I just find comments about pissing on graves really pathetic and juvenile, particularly when they are alongside other comments berating the “haters” on the other side.
There is plenty to say about Thatcher, but if the best someone has got is to rant about constructing a sewage system for pissing on her grave then they don’t really have anything to say at all.
Some folks here just enjoy pretending to be outraged over things that they don’t really care about at all.
Well in that case you are clearly trying to establish your moral superiority over me, because I don’t feel that way at all. I just don’t derive glee from anyone’s death, and I don’t think it is healthy to do so, and doubly so when the dead person doesn’t really even mean anything to you in your own life. I find it creepy.
Mandalay
@Omnes Omnibus:
More scathing wit from the man about Kirkpatrick…
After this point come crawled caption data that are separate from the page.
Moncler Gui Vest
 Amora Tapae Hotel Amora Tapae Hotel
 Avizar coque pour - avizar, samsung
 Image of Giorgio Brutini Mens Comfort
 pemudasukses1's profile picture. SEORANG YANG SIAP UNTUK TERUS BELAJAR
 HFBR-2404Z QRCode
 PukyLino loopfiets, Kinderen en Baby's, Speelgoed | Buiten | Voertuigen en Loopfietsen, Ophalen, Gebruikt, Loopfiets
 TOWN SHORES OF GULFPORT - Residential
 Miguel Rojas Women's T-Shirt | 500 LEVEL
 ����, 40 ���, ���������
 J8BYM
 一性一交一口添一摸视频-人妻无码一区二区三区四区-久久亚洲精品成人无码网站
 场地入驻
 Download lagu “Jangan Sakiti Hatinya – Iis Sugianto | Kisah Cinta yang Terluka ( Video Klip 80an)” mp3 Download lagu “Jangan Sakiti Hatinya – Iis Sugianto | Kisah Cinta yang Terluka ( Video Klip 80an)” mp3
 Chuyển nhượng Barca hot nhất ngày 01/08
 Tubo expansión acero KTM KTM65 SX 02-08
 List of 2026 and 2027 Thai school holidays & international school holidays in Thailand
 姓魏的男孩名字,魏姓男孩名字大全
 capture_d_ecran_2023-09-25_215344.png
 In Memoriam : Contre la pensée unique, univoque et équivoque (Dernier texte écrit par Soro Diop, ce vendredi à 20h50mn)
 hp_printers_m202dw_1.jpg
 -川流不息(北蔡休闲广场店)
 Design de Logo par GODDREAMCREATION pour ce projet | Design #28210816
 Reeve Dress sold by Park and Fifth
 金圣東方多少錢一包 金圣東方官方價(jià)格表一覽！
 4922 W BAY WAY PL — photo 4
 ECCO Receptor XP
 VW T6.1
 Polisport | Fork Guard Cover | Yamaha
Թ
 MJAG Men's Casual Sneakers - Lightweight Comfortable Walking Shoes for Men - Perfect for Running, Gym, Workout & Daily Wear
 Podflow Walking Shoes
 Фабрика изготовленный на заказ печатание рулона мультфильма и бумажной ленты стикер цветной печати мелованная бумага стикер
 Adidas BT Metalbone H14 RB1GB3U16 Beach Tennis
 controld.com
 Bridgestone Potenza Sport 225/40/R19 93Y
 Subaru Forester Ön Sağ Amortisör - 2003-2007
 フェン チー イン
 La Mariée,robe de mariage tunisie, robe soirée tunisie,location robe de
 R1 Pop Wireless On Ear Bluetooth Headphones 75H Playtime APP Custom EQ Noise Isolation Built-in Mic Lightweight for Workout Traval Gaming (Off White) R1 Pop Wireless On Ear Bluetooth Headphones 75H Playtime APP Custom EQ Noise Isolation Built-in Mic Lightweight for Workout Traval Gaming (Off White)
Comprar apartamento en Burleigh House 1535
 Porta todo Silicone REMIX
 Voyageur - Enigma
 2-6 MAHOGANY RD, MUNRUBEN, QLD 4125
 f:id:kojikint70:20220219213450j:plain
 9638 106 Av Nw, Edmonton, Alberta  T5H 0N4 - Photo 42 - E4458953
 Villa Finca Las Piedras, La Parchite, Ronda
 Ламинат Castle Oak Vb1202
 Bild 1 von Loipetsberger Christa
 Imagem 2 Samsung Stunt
Henderson wasted his talents as an ambassador. He should have been a stand up comic.
Violet
Only one ‘n’ in her name: Jeane.
Mandalay
@celticdragonchick:
Margaret Thatcher confirms your story:
Apparently America’s generosity was due to the insistence of Caspar Weingberger, and despite the objections of Jeane Kirkpatrick.
The US position over the Falklands was a disjointed mess.
Suffern ACE
@celticdragonchick: the French had supplied the Argentinians with Exocets. They Brits only had 6 sidewinders.
mclaren
The only thing that really made both of those sadistic creeps’ panties wet was watching people suffer. Torture under a foreign dictator? Or busting unions and throwing tens of thousands of people out of work into privation and humiliation?
Didn’t matter. They loved watching people suffer. That was the bottom line for both Kirkpatrick and Thatcher.
Both of ’em remind me of those women who write marriage proposals to serial killers who are doing life in prison.
mclaren
@Mandalay:
Dude, debating Omnes Omnibus is like reading Aeschylus to a cage full of hyenas.
It insults the memory of Aeschylus, and annoys the hyenas.
mclaren
@Mandalay:
Fuck rational, productive and useful. Goldman Sachs is rational, productive and useful. It’s also a bloodsucking vampire squid with its snout clamped to the face to the body politic.
Rational, productive and useful considerations gave us Mutual Assured Destruction and game theory for thermonuclear war. Rational, Productive and useful thinking gave us the Rational Expectations theory of the Chicago School of economics, which wrecked the global economy and plunged hundreds of millions of people worldwide into privation and homelessness and despair.
How about being humane?
How about that, huh?
Suppose we deep six the “rational” shit and start worrying about being kind to one another.
Is that too much to ask?
What the hell happened to basic common human decency?
Fuck rational and productive and the rest of those weasel-words used to cover up crony capitalist con games and the brutalization of the poor by the rich. Let’s give a try at being humane. The humane trumps the rational any day of the week, buckaroo.
mclaren
And incidentally…another drone strike in Pakistan today. 18 dead — 11 of ’em children.
Children.
Revering a mass murder in the Oval Office is also par for the course in establishment media in America circa 2013.
Cue one of the crackpot obots to rush out of the shower and explain to us why Obama murdering 11 children at a shot isn’t really “mass murder”…
Anna in PDX
@raven: I do not always agree with him but this was written by one of his co bloggers, Foresman, and Pat pointed out that he was no fan of either Reagan or Thatcher in the comments.
Redleg
What’s the sample size for Kirkpatrick’s test of hypothesis? One? Jeebus.